Dans un communiqué relayé par plusieurs médias, l’AFC/M23 a revendiqué l’opération, affirmant avoir ciblé un centre de commandement de drones des FARDC installé à l’aéroport de Bangoka. Le mouvement rebelle soutient vouloir empêcher l’utilisation de cette plateforme pour des frappes contre les zones sous son contrôle.
Les autorités congolaises, de leur côté, dénoncent une nouvelle escalade sécuritaire mettant en danger les populations civiles et les activités aériennes dans la région. Déjà au début du mois de février puis en mars 2026, plusieurs attaques similaires avaient été signalées contre le même aéroport, sans provoquer officiellement de dégâts majeurs ni de pertes humaines. Les FARDC avaient alors annoncé avoir intercepté plusieurs drones avant qu’ils n’atteignent leurs cibles.
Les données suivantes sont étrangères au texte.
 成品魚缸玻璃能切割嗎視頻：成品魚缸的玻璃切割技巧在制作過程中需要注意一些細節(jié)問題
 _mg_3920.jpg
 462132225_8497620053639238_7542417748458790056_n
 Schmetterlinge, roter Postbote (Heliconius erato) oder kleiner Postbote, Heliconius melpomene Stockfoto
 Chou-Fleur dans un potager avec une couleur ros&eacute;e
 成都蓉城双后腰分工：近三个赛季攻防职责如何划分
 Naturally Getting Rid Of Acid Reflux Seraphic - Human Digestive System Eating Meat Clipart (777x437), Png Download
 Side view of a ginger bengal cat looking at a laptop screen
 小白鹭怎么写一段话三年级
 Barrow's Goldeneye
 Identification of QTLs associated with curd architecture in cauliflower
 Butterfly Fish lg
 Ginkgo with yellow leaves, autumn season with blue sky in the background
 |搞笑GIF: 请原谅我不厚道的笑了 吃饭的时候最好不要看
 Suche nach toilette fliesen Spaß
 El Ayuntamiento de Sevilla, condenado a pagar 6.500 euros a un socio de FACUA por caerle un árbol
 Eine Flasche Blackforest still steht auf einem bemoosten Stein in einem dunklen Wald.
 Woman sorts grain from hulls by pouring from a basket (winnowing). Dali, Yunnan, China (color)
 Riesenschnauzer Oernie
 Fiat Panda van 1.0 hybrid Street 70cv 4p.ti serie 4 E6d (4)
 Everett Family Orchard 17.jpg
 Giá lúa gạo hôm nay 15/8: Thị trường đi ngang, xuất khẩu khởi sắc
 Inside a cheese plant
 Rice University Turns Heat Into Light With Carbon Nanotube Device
Situé à une vingtaine de kilomètres du centre-ville de Kisangani, l’aéroport international de Bangoka constitue une infrastructure stratégique majeure de la RDC. Il sert aussi bien aux vols civils qu’aux opérations militaires et logistiques.
Cette attaque intervient dans un contexte régional particulièrement tendu, alors que les affrontements persistent dans l’Est de la RDC malgré plusieurs initiatives diplomatiques et des discussions de cessez-le-feu engagées sous médiation internationale.